Remember that heat and light can degrade the nutrients in fruit and vegetables. Store all vegetables and leafy greens in the fridge. The exception is root vegetables, which should be kept at room temperature. Store fruits (including tomatoes and avocados) at room temperature and away from direct sunlight. A fruit bowl in a shaded part of the kitchen is ideal. You'll see it regularly - which will encourage you to eat more fruit - but the produce will stay fresh.
Do you chop fresh vegetables and store them in the fridge that way? Squeeze some lemon juice over them and make sure the container is air tight. The vitamin C from the lemon will slow down the decaying process and keep chopped vegetables fresher for longer.
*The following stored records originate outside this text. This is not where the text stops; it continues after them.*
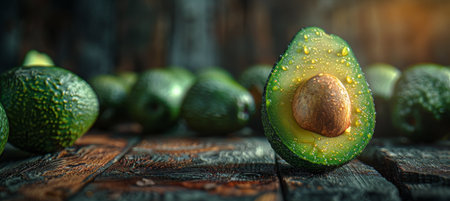 Two avocado halves neatly arranged on a wooden table, showing their creamy green flesh and seeds.の素材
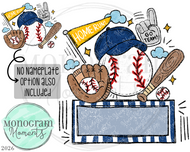 Fun Baseball - Nameplate - Navy/Gold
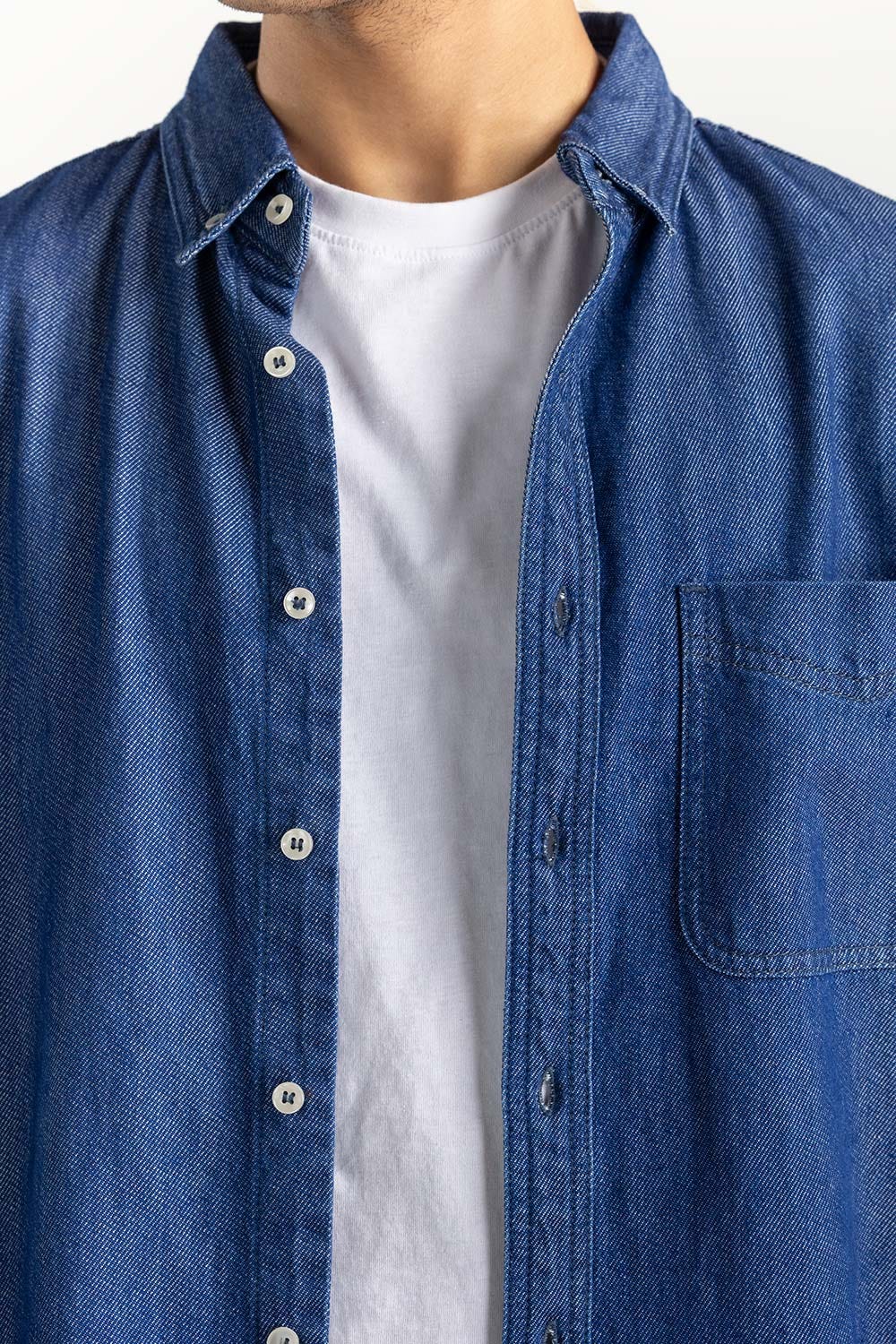 Blue Denim Overshirt 224-117-005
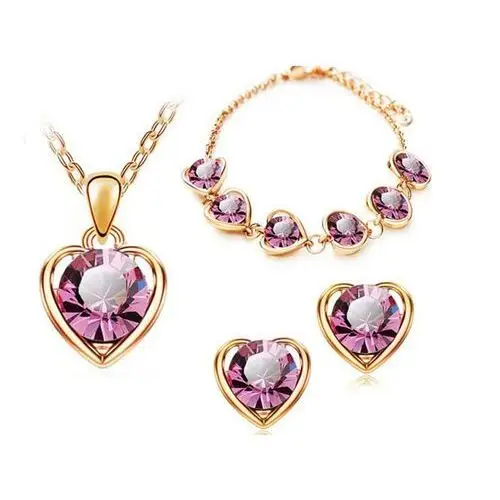 Lovrin Komplet biżuterii różowe serduszka serca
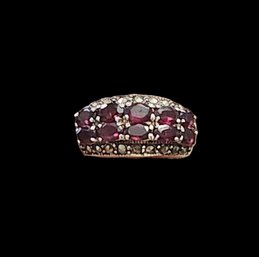 Vintage Sterling Silver Ruby Stone Ring, Size 6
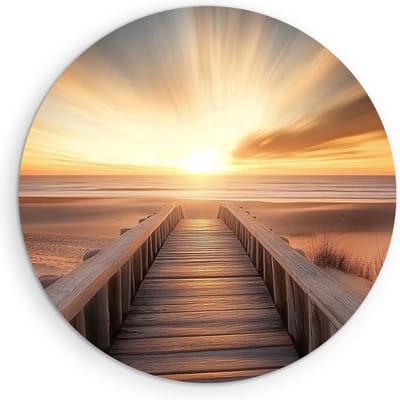 Saammp Muurcirkel Hout - Natuur - Brug naar het strand met zonsondergang- landschap - Ø 90 - Wandcirkel - Wanddecoratie Cirkel - Muurdecoratie Woonkamer - Slaapkamer decoratie - Rond Schilderij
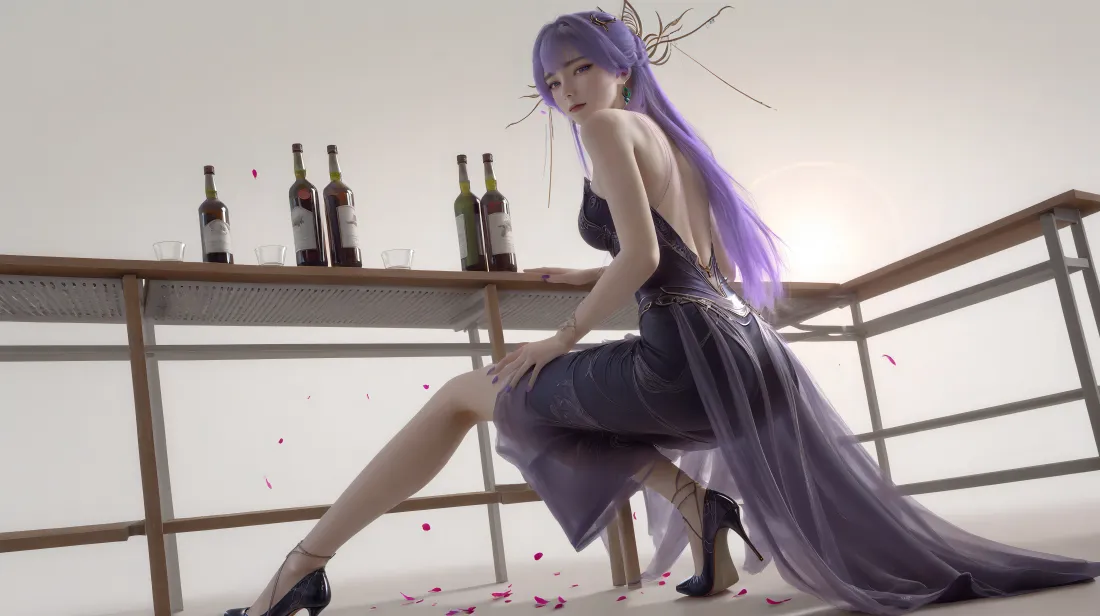 10k紫色长发壁纸｜室内背景图片 - 黑色礼服「哲风壁纸」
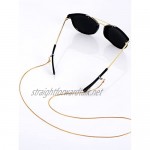 Eyeglasses Chain Spectacles Sunglass Holder Glasses Cords Strap Eyewear Retainer 79 cm Silver and Gold with 6 Piece Silicone Anti-slip Rings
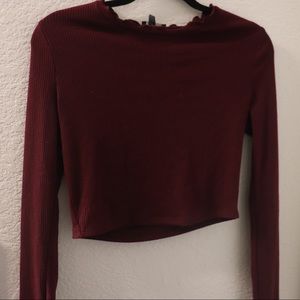 Burgundy long sleeve crop top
Herbs are a wonderful source of nutrition. Buy fresh herbs, and use this clever trick to keep them bursting with health benefits. Chop them, sprinkle them into ice cube trays, add a little water, and then freeze the herbs.
Foods which are high in Vitamin B, C, and folate should be eaten raw whenever possible. This includes seeds, peas, avocado, bell peppers, broccoli and Brussels sprouts. Try shredding them and eating as a salad.
Did you know that some vitamins are fat-soluble? If you combine foods containing these vitamins with some dietary fat you will absorb more nutrition. One tasty example is eggs with mushrooms, spinach, and sweet potato all cooked in a little butter or coconut oil.
Combining iron with Vitamin C is another great strategy. Pair spinach, kale, or lentils with lemon juice, orange slices, strawberries, or fresh chilli.